■ EXERCISE PROMPT:
Output each record below exactly, leaving any picture out of the copy.

====

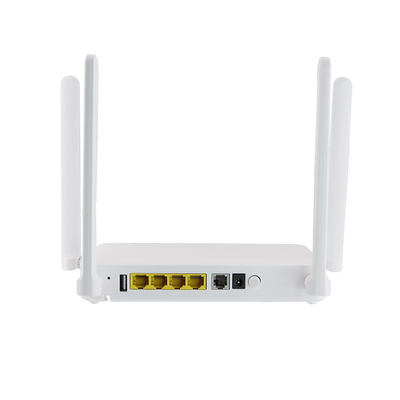 router dual de Wifi GPON ONU de la banda 4GE+1POTS+Wifi compatible con responsabilidad de ZTE
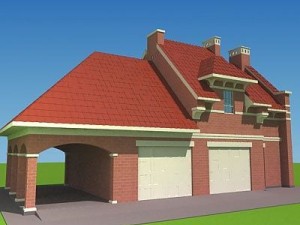 garage Model 3D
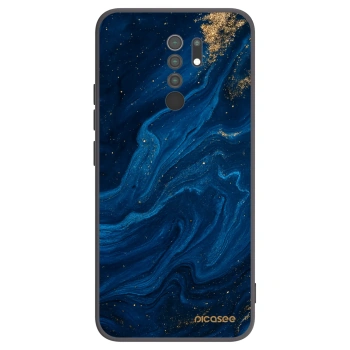 Picasee silikonový černý obal pro Xiaomi Redmi 9 - Blue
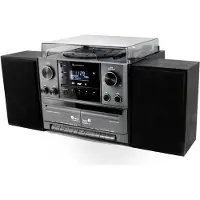 Soundmaster MCD5600SW MCD5600SW HiFi-Anlage schwarz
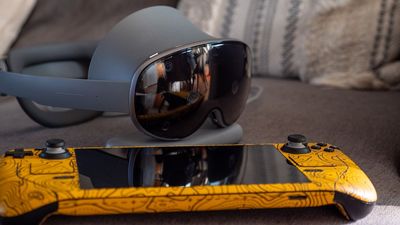 Two of the best Steam Frame features are available for the Galaxy XR right now, and I'm loving what they're doing for my gaming performance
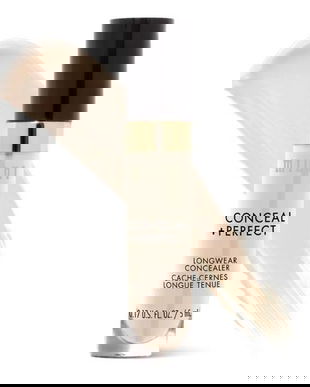 Corector Rezistent la Transfer - Milani Conceal + Perfect Longwear Concealer, nuanta Pure Ivory, 5 ml
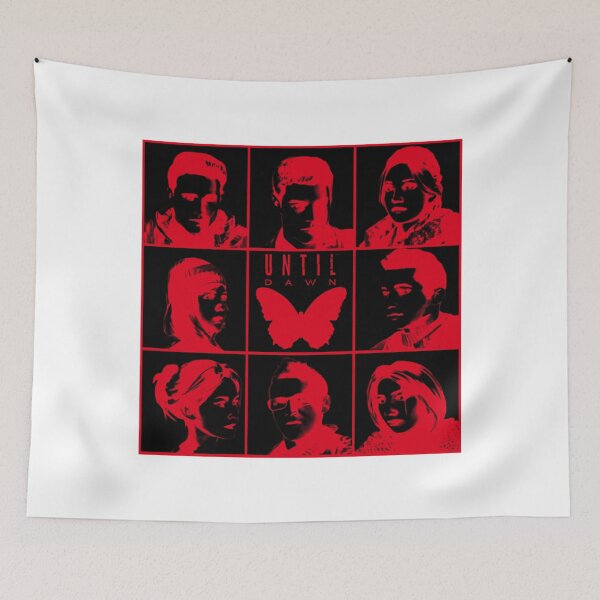 Item preview, until dawn characters - redhollow Classic . designed and sold by mendozarose.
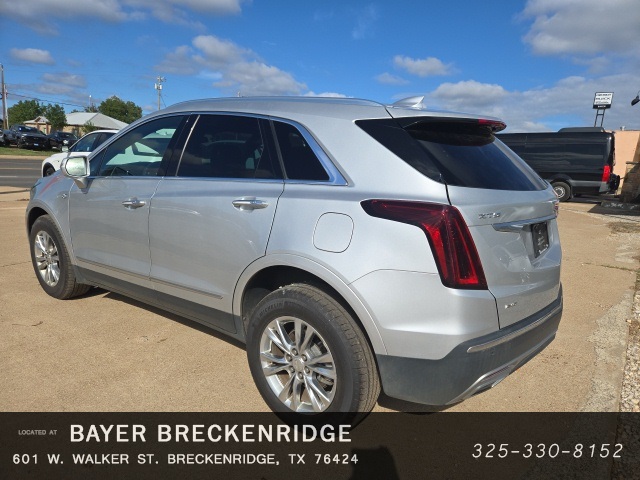 2020 Cadillac XT5 Premium Luxury photo 4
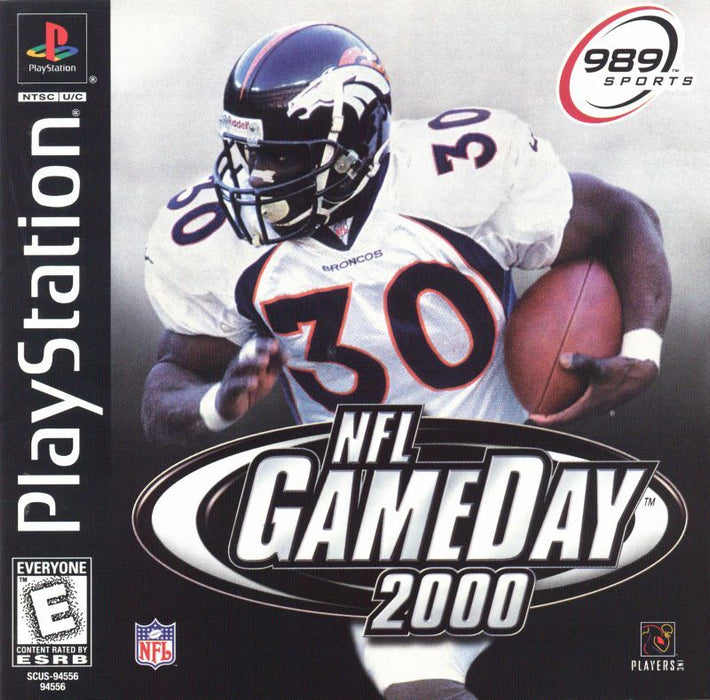 NFL GameDay 2000 - PlayStation 1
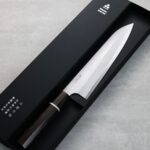 二唐刃物 牛刀 210mm VG XEOS鋼 鎚目大馬士革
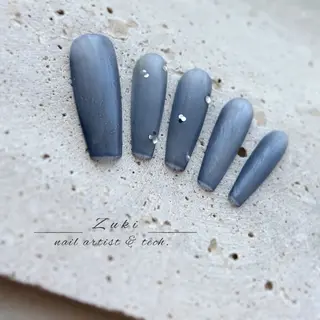 ネイル zuki🌔nail ┆堺筋本町・心斎橋のネイルデザイン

====

■ EXERCISE OUTPUT:
 router dual de Wifi GPON ONU de la banda 4GE+1POTS+Wifi compatible con responsabilidad de ZTE
 garage Model 3D
 Picasee silikonový černý obal pro Xiaomi Redmi 9 - Blue
 Soundmaster MCD5600SW MCD5600SW HiFi-Anlage schwarz
 Two of the best Steam Frame features are available for the Galaxy XR right now, and I'm loving what they're doing for my gaming performance
 Corector Rezistent la Transfer - Milani Conceal + Perfect Longwear Concealer, nuanta Pure Ivory, 5 ml
 Item preview, until dawn characters - redhollow Classic . designed and sold by mendozarose.
 2020 Cadillac XT5 Premium Luxury photo 4
 NFL GameDay 2000 - PlayStation 1
 二唐刃物 牛刀 210mm VG XEOS鋼 鎚目大馬士革
 ネイル zuki🌔nail ┆堺筋本町・心斎橋のネイルデザイン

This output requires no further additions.